### GIVEN ENTRIES
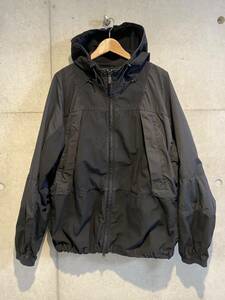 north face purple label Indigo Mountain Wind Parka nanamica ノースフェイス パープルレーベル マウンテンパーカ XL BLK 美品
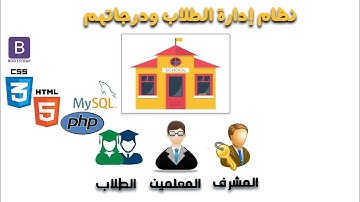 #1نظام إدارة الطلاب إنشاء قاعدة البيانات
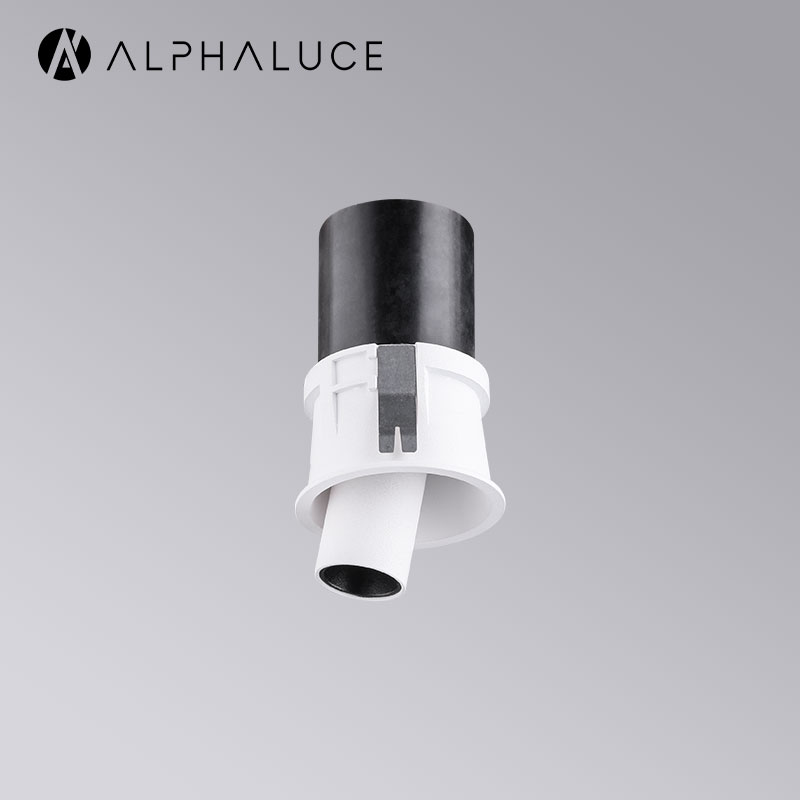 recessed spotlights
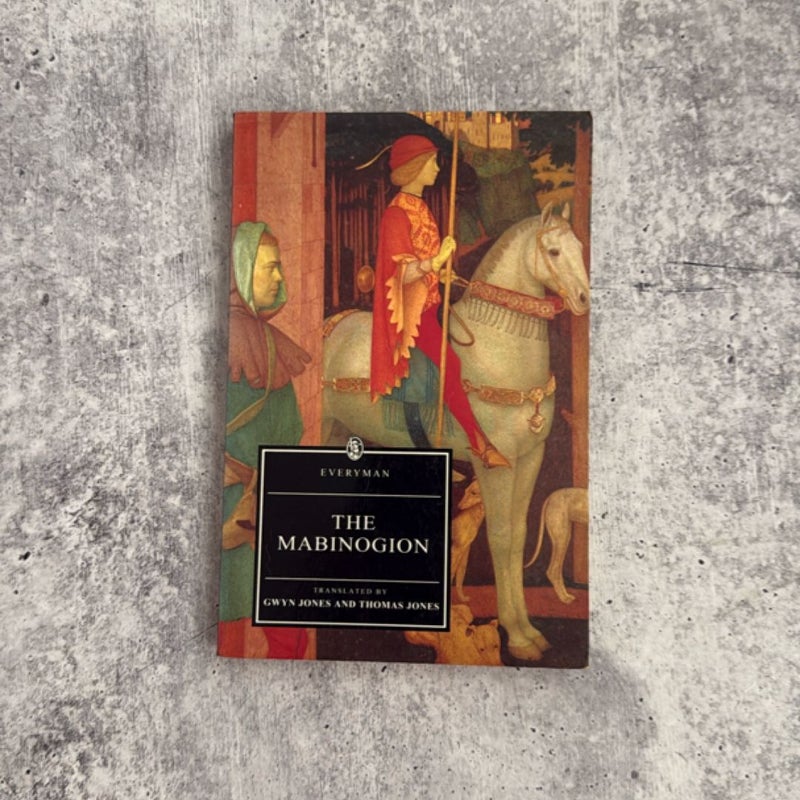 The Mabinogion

==

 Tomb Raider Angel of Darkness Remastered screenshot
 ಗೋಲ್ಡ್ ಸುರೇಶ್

### INSTRUCTIONS FOR THE TASK
Your copy should hold only the lines above from the one containing "#1نظام إدارة الطلاب إنشاء قاعدة البيانات" through the one containing "The Mabinogion", exactly as written and free of pictures.

### YOUR RESPONSE
 #1نظام إدارة الطلاب إنشاء قاعدة البيانات
 recessed spotlights
 The Mabinogion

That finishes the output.